In an interview, Kruszewski defended the KBW deal, and said it and the 2010 purchase of Thomas Weisel Partners, which specializes in banking for technology companies, are core components of his middle-market corporate strategy.
“I’m not predicting that next year is going to be a blowout year for financial companies, but I’m not being reckless,” he said. “Institutional (brokerage) is much more cyclical and, of course, you take a lot more risk. It is also a high profit-margin business when things are working.”
Investors do not appear to be convinced. At Monday’s close, Stifel shares had declined 2.9 percent this year, compared with an uptick of 1.1 percent for the NYSE Arca Securities Broker/Dealer Index.
Kruszewski, the son of a fireman from South Bend, Indiana, has an accounting degree and, according to people who have worked with him, a steel-trap mind for absorbing new data and translating it into action.
He demonstrated discipline earlier this year, passing on the acquisition of Morgan Keegan from Regions Financial Corp (RF.N) because the price was too high, Lefton said. Raymond James Financial Inc (RJF.N) later purchased the Tennessee-based brokerage.
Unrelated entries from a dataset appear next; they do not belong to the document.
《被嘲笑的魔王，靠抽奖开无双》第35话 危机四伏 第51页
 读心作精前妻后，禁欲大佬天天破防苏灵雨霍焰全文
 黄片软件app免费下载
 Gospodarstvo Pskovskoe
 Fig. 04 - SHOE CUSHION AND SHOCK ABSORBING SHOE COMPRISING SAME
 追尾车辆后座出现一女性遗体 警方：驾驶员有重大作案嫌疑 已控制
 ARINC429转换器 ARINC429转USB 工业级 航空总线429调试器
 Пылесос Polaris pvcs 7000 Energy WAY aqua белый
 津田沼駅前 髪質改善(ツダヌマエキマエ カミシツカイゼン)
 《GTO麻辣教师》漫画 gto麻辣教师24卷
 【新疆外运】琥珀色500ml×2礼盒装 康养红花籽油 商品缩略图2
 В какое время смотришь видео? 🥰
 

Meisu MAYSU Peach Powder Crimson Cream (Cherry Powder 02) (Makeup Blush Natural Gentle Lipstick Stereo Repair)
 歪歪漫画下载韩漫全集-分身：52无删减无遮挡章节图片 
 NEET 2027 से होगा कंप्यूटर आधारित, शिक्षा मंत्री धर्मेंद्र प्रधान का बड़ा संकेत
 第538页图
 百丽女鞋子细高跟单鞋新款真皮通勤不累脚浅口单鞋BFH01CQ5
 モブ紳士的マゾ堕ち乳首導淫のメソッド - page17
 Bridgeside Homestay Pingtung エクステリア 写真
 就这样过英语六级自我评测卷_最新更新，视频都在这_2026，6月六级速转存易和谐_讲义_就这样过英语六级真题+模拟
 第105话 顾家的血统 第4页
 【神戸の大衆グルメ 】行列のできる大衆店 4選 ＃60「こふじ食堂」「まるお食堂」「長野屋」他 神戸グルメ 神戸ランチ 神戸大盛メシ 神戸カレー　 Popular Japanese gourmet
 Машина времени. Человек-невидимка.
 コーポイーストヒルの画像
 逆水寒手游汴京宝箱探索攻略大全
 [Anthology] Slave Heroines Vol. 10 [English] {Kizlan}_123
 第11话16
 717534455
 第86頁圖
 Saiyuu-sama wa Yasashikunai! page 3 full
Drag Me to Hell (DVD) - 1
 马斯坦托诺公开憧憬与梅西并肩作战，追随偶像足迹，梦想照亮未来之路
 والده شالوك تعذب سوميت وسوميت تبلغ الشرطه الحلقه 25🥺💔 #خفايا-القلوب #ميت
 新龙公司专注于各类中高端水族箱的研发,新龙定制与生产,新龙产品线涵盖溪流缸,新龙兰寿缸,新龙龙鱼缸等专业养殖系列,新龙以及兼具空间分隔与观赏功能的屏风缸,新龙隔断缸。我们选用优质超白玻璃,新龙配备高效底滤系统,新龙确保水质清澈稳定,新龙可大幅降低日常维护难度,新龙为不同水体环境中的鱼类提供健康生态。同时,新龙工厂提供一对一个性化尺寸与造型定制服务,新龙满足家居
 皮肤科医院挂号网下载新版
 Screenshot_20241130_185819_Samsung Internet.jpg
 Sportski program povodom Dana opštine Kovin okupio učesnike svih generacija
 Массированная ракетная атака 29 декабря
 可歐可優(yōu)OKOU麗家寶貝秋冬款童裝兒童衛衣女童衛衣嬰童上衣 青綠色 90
“At the beginning of every year, I have no idea what we’ll do,” Kruszewski said. “Strategic planning is for people who have too much time on their hands. Our plan is to be in a position to take advantage of opportunities.”
KBW was one such opportunity. The company had lost more than $60 million since the financial crisis of 2008 and was cutting 15 percent of staff. It was also weighing radical changes in its operations after another down year for financial services deals and capital-raising, a person close to KBW said.
Kruszewski drove a hard bargain. He required about 95 key employees to waive change-of-control clauses that would have let them sell their shares, and he compelled them to sign noncompete agreements. He also won control of $250 million of cash on KBW’s balance sheet to help finance the cash-and-stock transaction.
You never want to negotiate against that man,” said Scott McCuaig, the retired president of Stifel Nicolaus, the company’s principal brokerage subsidiary. “He gets his hands dirty and works deals until they come to fruition. Nobody is going to snooker him.”